Beyond binarity: Semidefinite programming for ternary quadratic problems

TL;DR

This paper introduces a novel semidefinite programming framework for solving ternary quadratic problems with variables in {0, ±1}, providing an exact solution approach and demonstrating its effectiveness through computational experiments.

Contribution

The paper develops the first dedicated ternary SDP formulation, strengthening techniques, and a branch-and-bound algorithm for solving TQPs exactly.

Findings

The proposed algorithm effectively solves various TQP instances.

Strengthened SDP relaxations improve solution quality.

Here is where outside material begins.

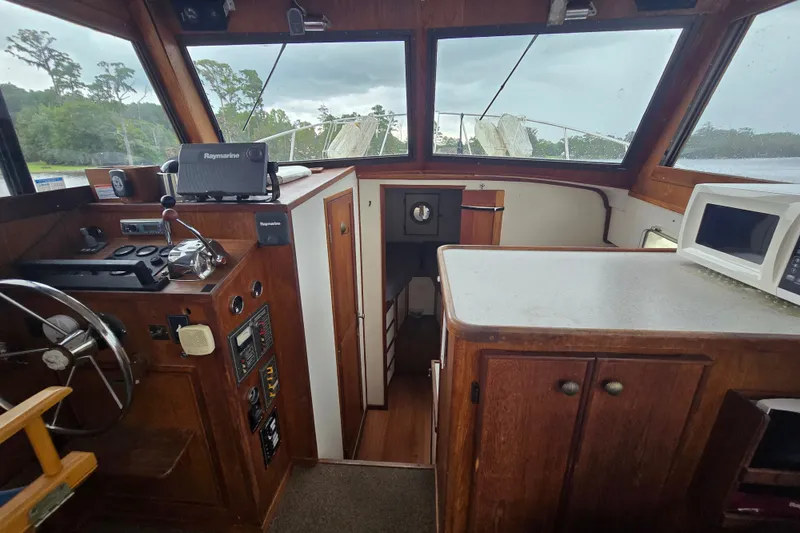 Slide: The Image of Interior of 1983 Atlantic 30 LRC boat with helm, controls, and kitchenette. - 12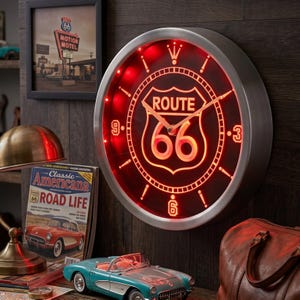 Puede incluir: Un reloj de pared redondo con marco de metal plateado cepillado y esfera negra que presenta un emblema de neón rojo brillante de la Ruta 66. El reloj tiene manecillas de metal finas, marcadores de hora iluminados en rojo y los números 3, 6 y 9.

Computational results show the approach's practical efficiency.

Abstract

We study the ternary quadratic problem (TQP), a quadratic optimization problem with linear constraints where the variables take values in $\{0, \pm 1\}$. While semidefinite programming (SDP) techniques are well established for $\{0,1\}$- and $\{\pm 1\}$-valued quadratic problems, no dedicated integer semidefinite programming framework exists for the ternary case. In this paper, we introduce a ternary SDP formulation for the TQP that forms the basis of an exact solution approach. We derive new theoretical insights in rank-one ternary positive semidefinite matrices, which lead to a basic SDP relaxation that is further strengthened by valid triangle, RLT, split and $k$-gonal inequalities. These are embedded in a tailored branch-and-bound algorithm that iteratively solves strengthened SDPs, separates violated inequalities, applies a ternary branching strategy and computes high-quality feasible solutions. We test our algorithm on TQP variations motivated by practice, including unconstrained, linearly constrained and quadratic ratio problems. Computational results on these instances demonstrate the effectiveness of the proposed algorithm.